▶ [Data below]:
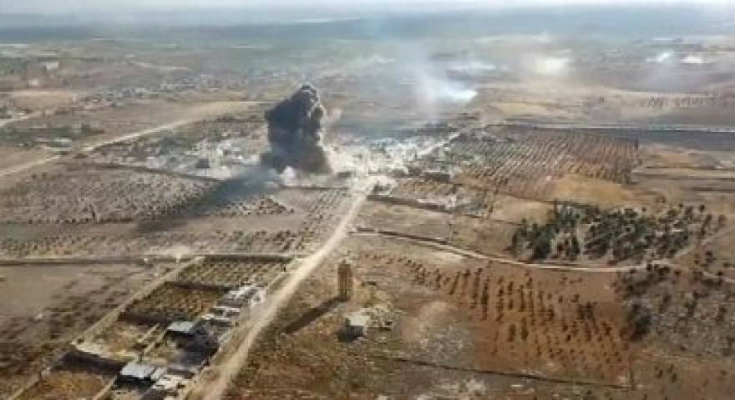 Συρία: Τεράστιο ωστικό κύμα από έκρηξη σε αποθήκη πυρομαχικών (βίντεο)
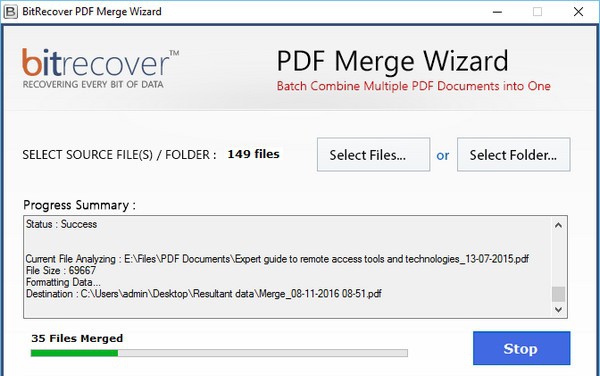 BitRecover PDF Merge Wizard(PDF合并工具) v3.2.5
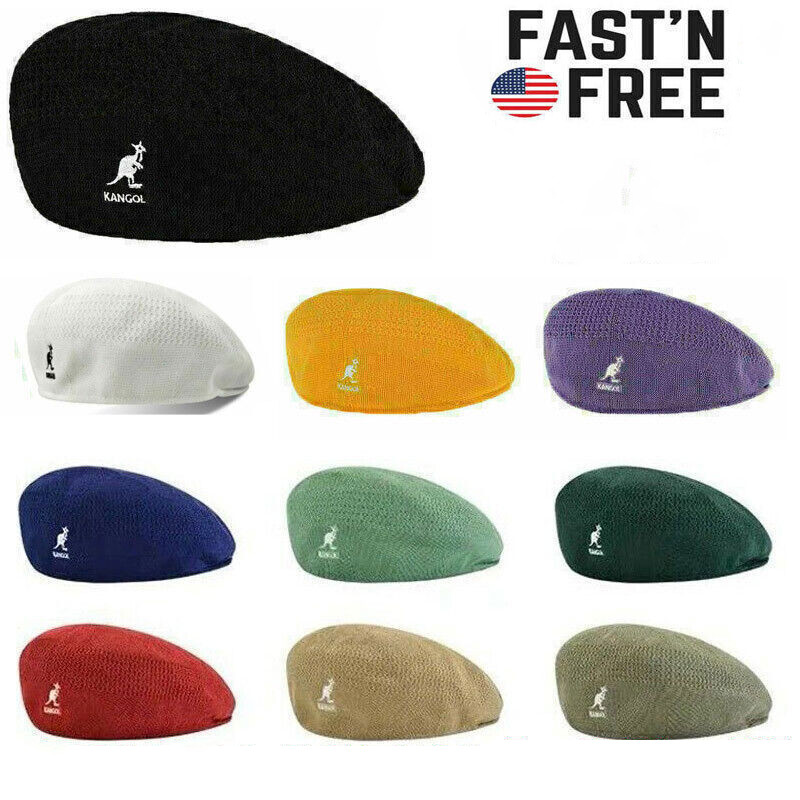 New Kangol 504 Breathable Beret Hat Summer Newsboy Woven Flat Caps Casual Unisex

▶ [Your task]: What you give back must match the material above exactly, minus its pictures.

▶ [Written answer]:
 Συρία: Τεράστιο ωστικό κύμα από έκρηξη σε αποθήκη πυρομαχικών (βίντεο)
 BitRecover PDF Merge Wizard(PDF合并工具) v3.2.5
 New Kangol 504 Breathable Beret Hat Summer Newsboy Woven Flat Caps Casual Unisex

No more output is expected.